Work request: Pick every line out of the entries below that has the string "Apartment", and copy it.
━━━ Dataset records ━━━
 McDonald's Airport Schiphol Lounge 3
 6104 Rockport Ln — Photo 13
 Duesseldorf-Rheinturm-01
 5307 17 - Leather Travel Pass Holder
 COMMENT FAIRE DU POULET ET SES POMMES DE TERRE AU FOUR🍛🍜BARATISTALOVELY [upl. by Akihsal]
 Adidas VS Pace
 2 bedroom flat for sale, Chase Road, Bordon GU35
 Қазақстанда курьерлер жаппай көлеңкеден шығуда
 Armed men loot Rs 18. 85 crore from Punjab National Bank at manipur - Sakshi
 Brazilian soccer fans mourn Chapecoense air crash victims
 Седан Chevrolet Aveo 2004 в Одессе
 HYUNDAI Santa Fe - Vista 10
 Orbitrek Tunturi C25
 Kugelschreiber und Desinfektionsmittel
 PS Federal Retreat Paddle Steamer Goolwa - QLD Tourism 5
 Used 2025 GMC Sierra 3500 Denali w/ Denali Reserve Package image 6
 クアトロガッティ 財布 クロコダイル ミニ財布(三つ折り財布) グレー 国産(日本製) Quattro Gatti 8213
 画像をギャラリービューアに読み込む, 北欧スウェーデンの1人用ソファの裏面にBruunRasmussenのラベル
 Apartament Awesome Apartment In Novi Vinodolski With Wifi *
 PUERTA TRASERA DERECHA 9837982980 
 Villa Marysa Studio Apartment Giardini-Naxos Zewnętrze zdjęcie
━━━
Task solution:
 Apartament Awesome Apartment In Novi Vinodolski With Wifi *
 Villa Marysa Studio Apartment Giardini-Naxos Zewnętrze zdjęcie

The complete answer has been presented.